Baunya yang tak sedap sudah menjadi makanan sehari-hari warga. Aktivitas menjadikan sampah plastik sebagai bahan bakar pembuatan tahu, sudah dilakukan sejak dulu. Sekarang, jumlah pembuat tahu yang menggunakan plastik sebagai bahan bakar sudah banyak. Jumlahnya bahkan sudah puluhan.
Salah satunya, milik Saiful Bakri. Dia tak membantah menggunakan sampah plastik sebagai bahan bakar pembuatan tahu. Tampak jelas gunungan sampah plastik dan kertas bercampur tanah agak basah ketika masuk dari depan rumah. Tak hanya itu, ada pula tumpukan kayu bakar.
Sampah-sampah itu perlahan-lahan dimasukkan oleh pekerja menggunakan skop ka dalam dua turbin utama. Tak hanya sampah, kayu juga dimasukkan untuk menambah panas turbin.
Saiful Bakri punya alasan mengapa menggunakan sampah plastik sebagai bahan bakar. Kata dia, pilihnya sampah plastik karena faktor ekonomis dan lebih efisien daripada hanya menggunakan kayu bakar saja.
"Kalau pakai kayu saja tak mencukupi Mas. Soalnya harganya itu mahal, makanya kita campur sama plastik. Kalau pakai plastik juga lebih awet apinya. Kalau kayu saja cepat habis," ungkap Saiful saat ditemui di rumahnya, Senin 18 November 2019.
Ia mengungkapkan perbedaan harga antara plastik dan kayu sangat jauh. Di mana satu pick-up plastik harganya Rp120 ribu, sedangkan satu truk kayu bakar seharga Rp1,2-1,5 juta.
Itu pun katanya pemesanan plastik dan kayu tidak menentu. Karena disesuaikan dengan kondisi. Ia mengaku, kadang satu pick up plastik bisa habis digunakan 1-2 hari, sedangkan satu truk kayu bisa 4-5 hari.
"Jadi kalau pakai kayu saja gak ngatasi karena mahalnya itu. Sedangkan, pendapatan rata-rata sebulan Rp10 juta yang itu dibuat untuk kulakan lagi sama bayar karyawan," ungkapnya.
Sebelumnya, Saiful mengaku telah beberapa kali melakukan perubahan penggunaan bahan bakar. Di antaranya, menggunakan gabah padi, karet bekas sepatu dan ban. Namun, karena gabah yang tidak tahan lama akhirnya tidak digunakan kembali.

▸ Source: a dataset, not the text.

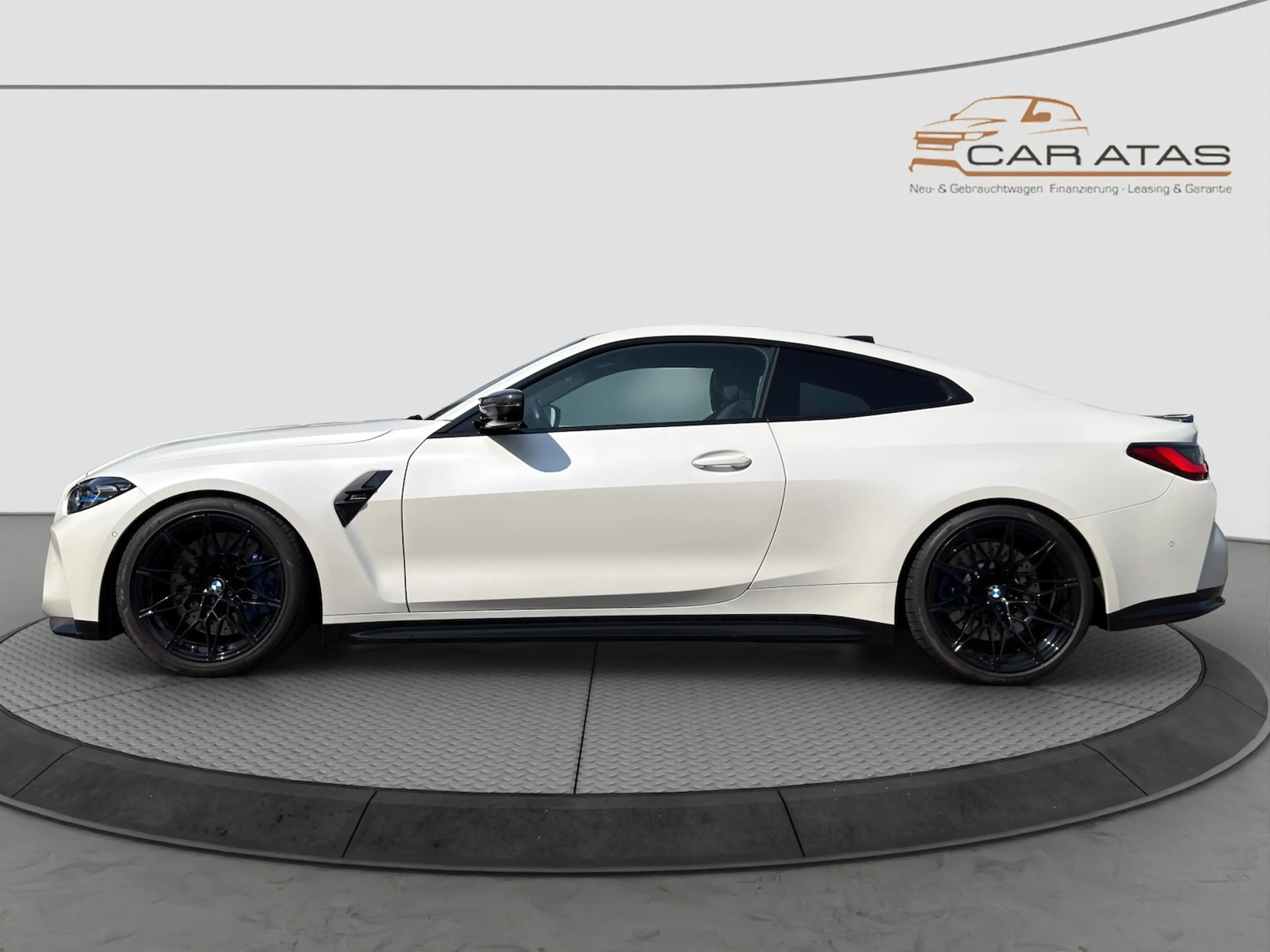 BMW M4 Competition H&K FROZEN WHITE CARBON ASR ABGAS — photo 5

"Dulu pernah di sini itu pakai karet bekas sepatu sama ban. Tapi polusinya itu bahaya sekali. Baunya tajam akhirnya sepakat tidak pakai karet lagi," katanya.

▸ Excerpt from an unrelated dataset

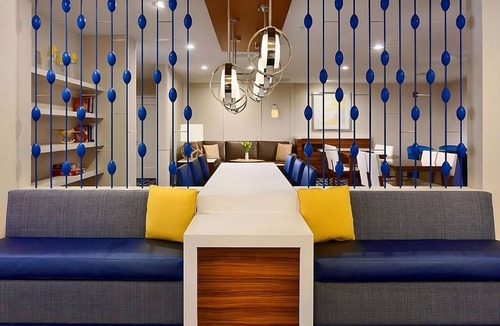 Schaumburg Hotel | Great Amenities Onsite! Pool, Private Parking, Free Breakfast, Close to Legoland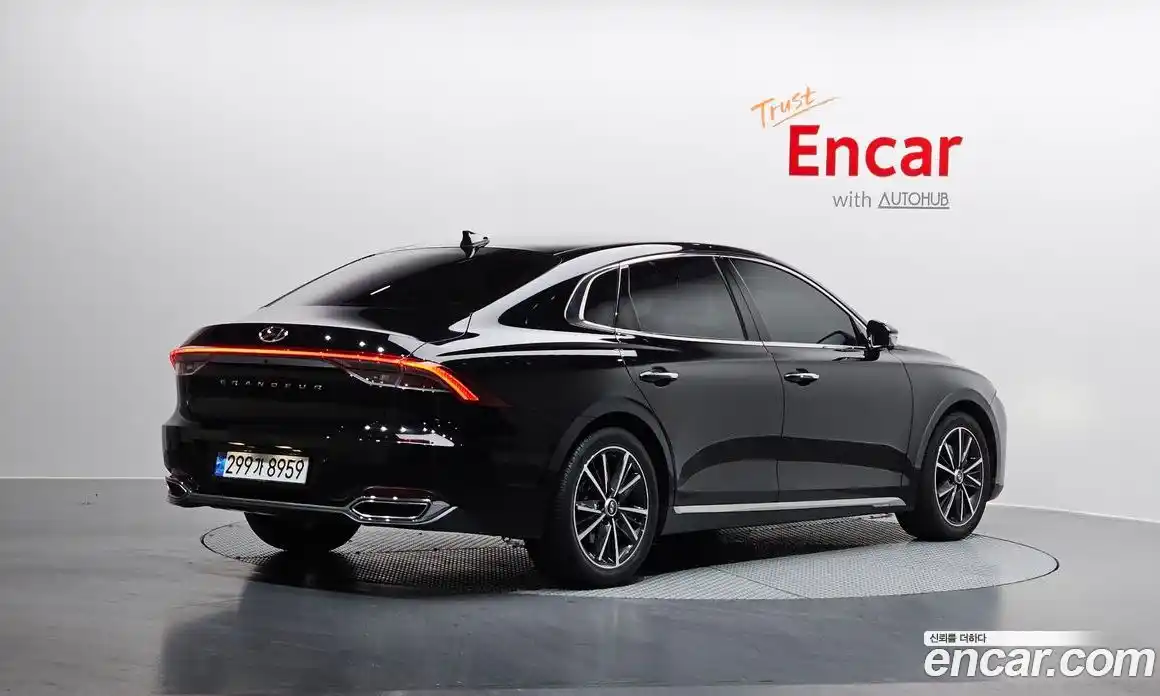 Hyundai Grandeur 2022 2.5 Автомат в Москве № 43713, фото 16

Selain itu, para pemilik usaha juga pernah diundang oleh Disperindag Sidoarjo untuk sosialisasi penggunaan bahan bakar gas. Namun, karena dirasa lebih mahal untuk pemakaian tiap hari, akhirnya banyak warga yang menolak.
Karena itu, ia berharap, ada solusi baru yang dapat menguntungkan banyak orang. Terutama industri agar tetap dapat berjalan tanpa mengeluarkan beban biaya yang besar.
Sementara itu, Kepala Bidang (Kabid) Industri Non Agro Disperindag Jawa Timur, Bagas Yulistyati mengatakan, dirinya belum bisa berbuat banyak karena masalah ini sangat kompleks.
"Memang karena faktor ekonomi sehingga masyarakat lebih memilih sampah plastik. Tapi sebenarnya itu tidak langsung ke makanan hanya diambil uapnya untuk pemanas, sehingga tidak berbahaya. Tapi masalah ini akan kami tindak lanjuti untuk mencari jalan keluar," katanya.